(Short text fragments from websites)
# # # #

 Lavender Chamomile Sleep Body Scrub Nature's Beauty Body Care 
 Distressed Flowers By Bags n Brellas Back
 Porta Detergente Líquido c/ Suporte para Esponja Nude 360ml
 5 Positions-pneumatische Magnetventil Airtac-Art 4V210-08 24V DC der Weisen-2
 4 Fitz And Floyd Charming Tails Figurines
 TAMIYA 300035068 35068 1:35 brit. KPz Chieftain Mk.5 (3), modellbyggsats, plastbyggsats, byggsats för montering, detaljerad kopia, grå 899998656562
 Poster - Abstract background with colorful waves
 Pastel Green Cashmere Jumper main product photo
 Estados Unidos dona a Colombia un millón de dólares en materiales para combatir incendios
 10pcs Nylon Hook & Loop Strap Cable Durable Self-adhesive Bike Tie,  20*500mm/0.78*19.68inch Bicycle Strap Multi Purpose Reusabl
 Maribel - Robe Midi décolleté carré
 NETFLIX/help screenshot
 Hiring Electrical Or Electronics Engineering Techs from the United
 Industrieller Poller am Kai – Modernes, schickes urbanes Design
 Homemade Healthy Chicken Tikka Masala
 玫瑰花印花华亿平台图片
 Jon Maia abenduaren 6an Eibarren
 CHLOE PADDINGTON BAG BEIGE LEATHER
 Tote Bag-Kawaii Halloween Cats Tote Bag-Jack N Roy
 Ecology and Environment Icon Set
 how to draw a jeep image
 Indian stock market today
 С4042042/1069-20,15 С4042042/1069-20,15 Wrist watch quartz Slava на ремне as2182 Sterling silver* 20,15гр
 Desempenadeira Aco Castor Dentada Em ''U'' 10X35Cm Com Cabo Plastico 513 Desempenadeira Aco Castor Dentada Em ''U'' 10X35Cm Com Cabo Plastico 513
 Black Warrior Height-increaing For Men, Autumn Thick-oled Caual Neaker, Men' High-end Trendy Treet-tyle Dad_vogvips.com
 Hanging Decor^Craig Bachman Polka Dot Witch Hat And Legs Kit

# # # #

EXERCISE >>
Gather all lines from the records above in which "para" appears.

EXERCISE RESPONSE >>
 Porta Detergente Líquido c/ Suporte para Esponja Nude 360ml
 Estados Unidos dona a Colombia un millón de dólares en materiales para combatir incendios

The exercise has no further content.